On April 24, 2013, a multistory garment factory complex in Bangladesh called Rana Plaza collapsed, killing more than 1,000 workers and injuring another 2,500. It remains the worst accident in the history of the apparel industry and one of the deadliest industrial accidents in the world.
Several factories inside the complex produced apparel for Western brands, including Benetton, Primark and Walmart, shining a spotlight on the unsafe conditions in which a sizable portion of Americans’ cheap clothing is produced. The humanitarian tragedy hit home as wealthy nations’ shoppers wrestled with their own complicity and called for reforms – but a decade later, progress is still patchy.
As a professor of operations and supply chain management, I believe it is important to understand how the complex and fragmented supply chains that are the norm in the clothing industry create conditions where unsafe conditions and abuse can flourish – and make it difficult to assign responsibility for reforms.
Shamed into action?
Rana Plaza was not the first garment industry accident in Bangladesh.
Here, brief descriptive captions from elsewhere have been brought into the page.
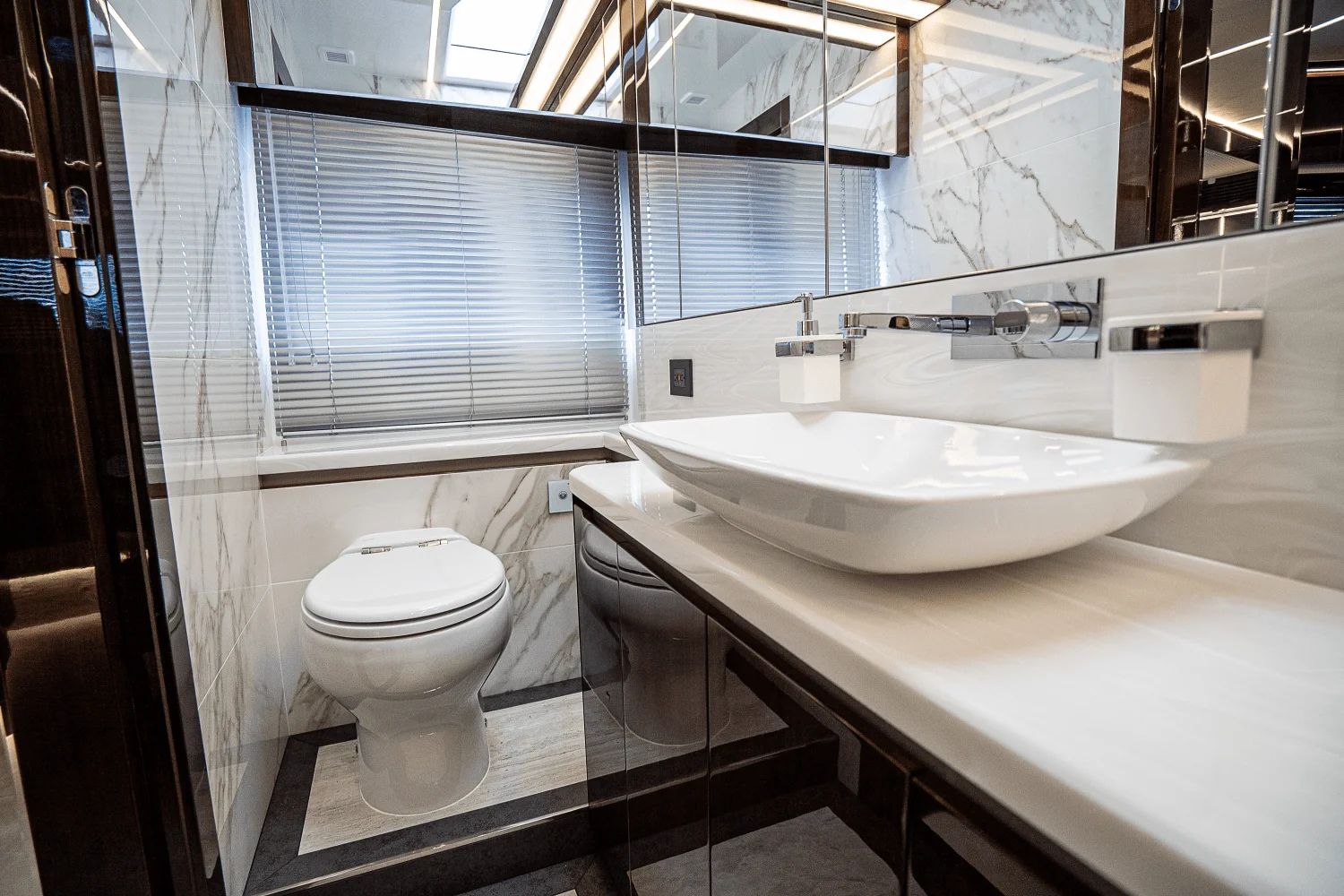 2026 Galeon 640 FLY Image Thumbnail #92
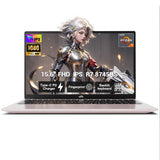 Nimo 15.6" N158 Ryzen 7 8745HS FHD Laptop Nimo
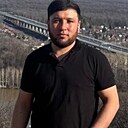 Знакомства: Шамиль, 35 лет, Уфа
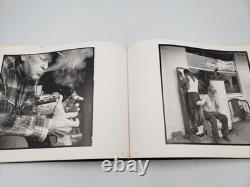 Birney Imes / Whispering Pines Signed 1st Edition 1994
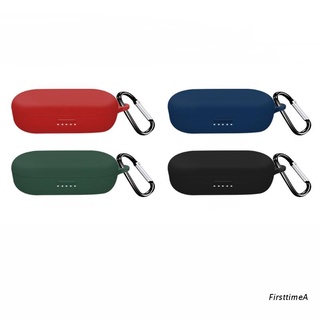 fir♞ Wireless Bluetooth-compatible Earphone Case Shell For -Bose Sport Earbuds Case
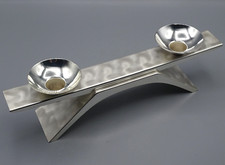 Vintage: Toller WMF Ikora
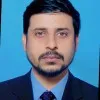 MANISH KUMAR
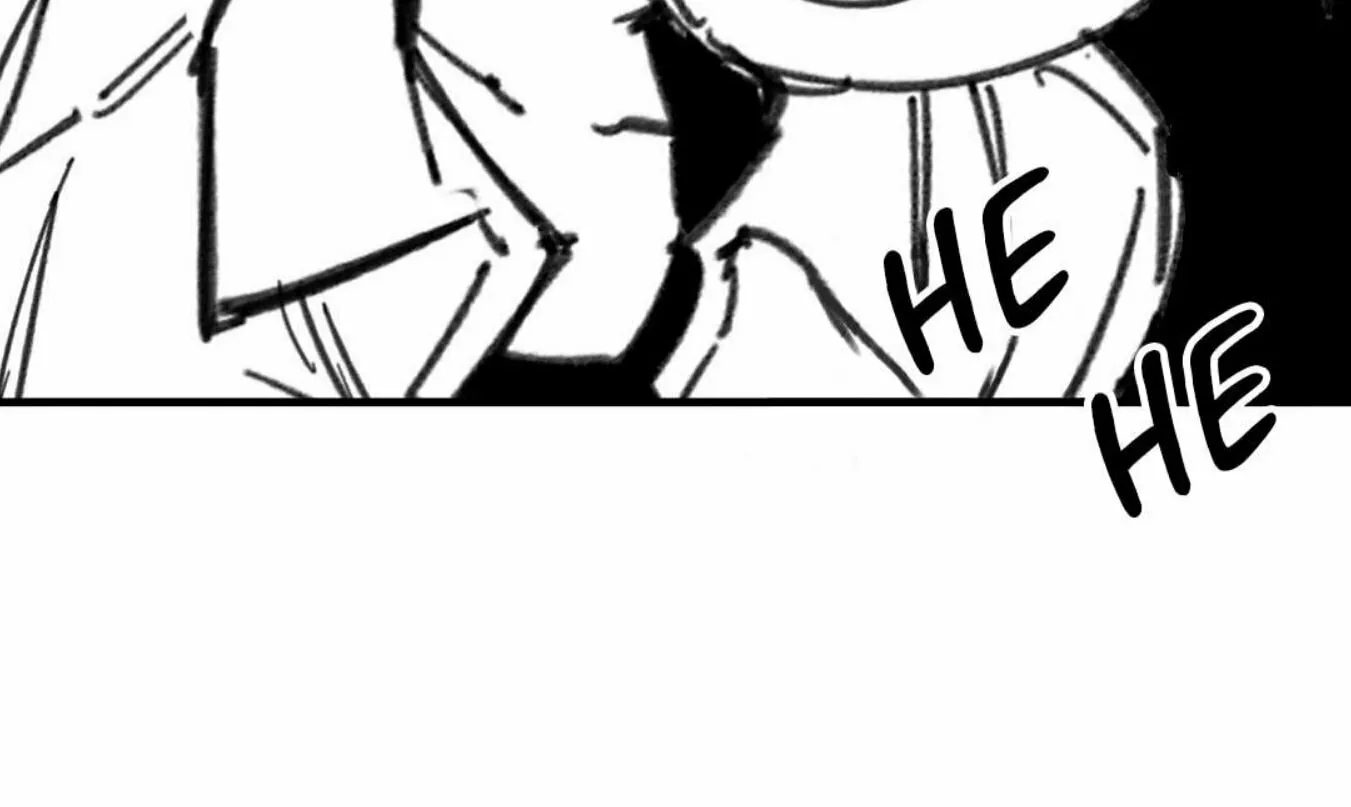 High School Boy Chapter 13 page 39 - 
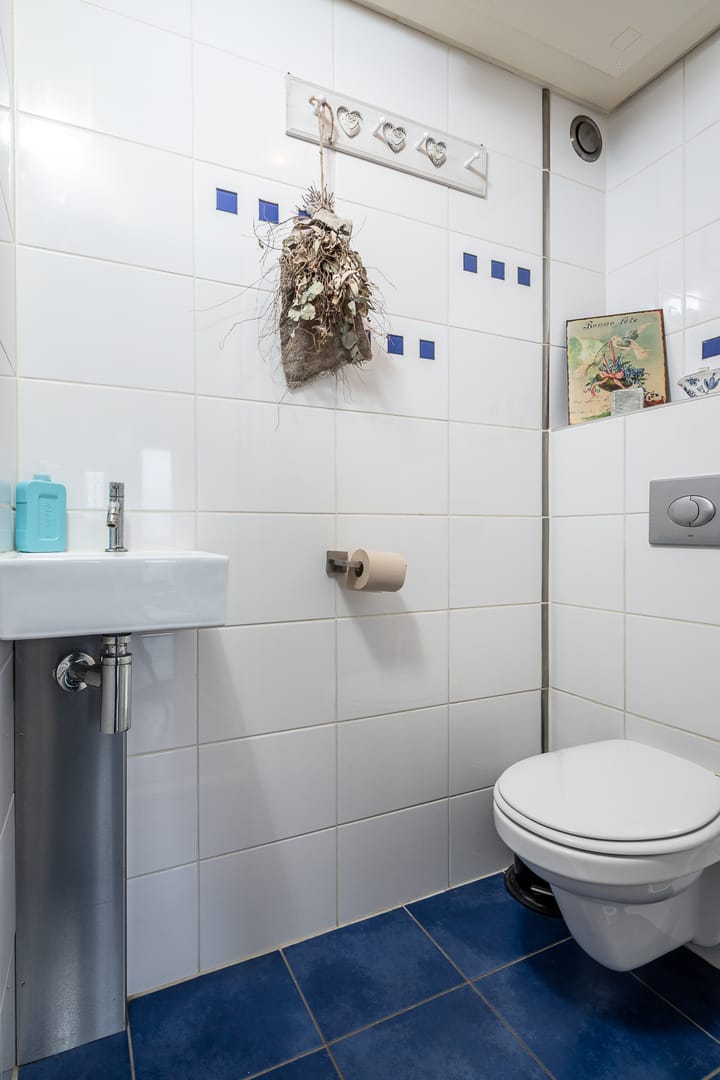 Foto 37 van La Reinelaan 101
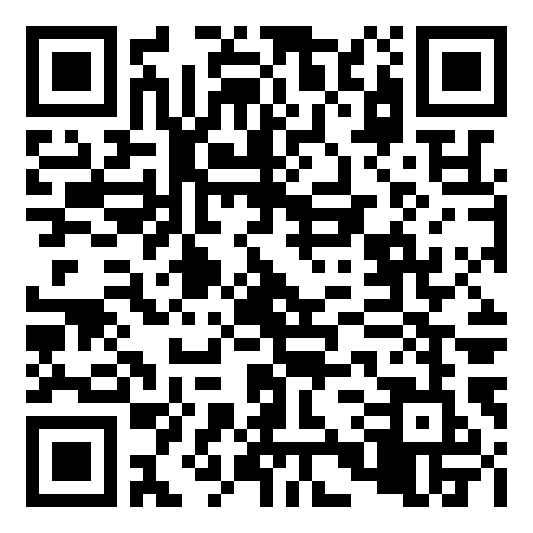 kod QR z danymi kontaktowymi 36194719700000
While the government had stringent building codes “on the books,” they were rarely enforced. Most workers lacked the information and power to demand safe working conditions.
Yet the fact that the Rana Plaza collapse was not only a humanitarian crisis, but a public relations crisis, prompted swift action by international organizations and Western brands and clothing retailers. A campaign for full and fair compensation for families of victims was launched immediately, facilitated by the International Labor Organization, a U.N. agency. Within a few months, two initiatives were designed to bring garment factories in Bangladesh up to international standards: the European-led Accord for Fire and Building Safety, and the American-led Alliance for Bangladesh Worker Safety.
While the two initiatives differed in some important ways, both shared the common goal: to improve building and fire safety by leveraging the purchasing power of the member companies. In other words, Western brands would insist that production partners get up to standard or take their business elsewhere.
Altogether, the two agreements covered about 2,300 supplier factories. The coalitions conducted factory inspections to identify structural and electrical deficiencies and developed plans for factories to make improvements. The initiatives also laid the groundwork to form worker safety committees and to train workers to recognize, solve and prevent health and safety issues. Member companies set aside funds for inspections and worker training, negotiated commercial terms and facilitated low-cost loans for factory improvements.
Both were five-year agreements: the Alliance was sunsetted in 2018, whereas the Accord operated for a few more years before handing operations over to the locally created Readymade Sustainability Council in June 2020.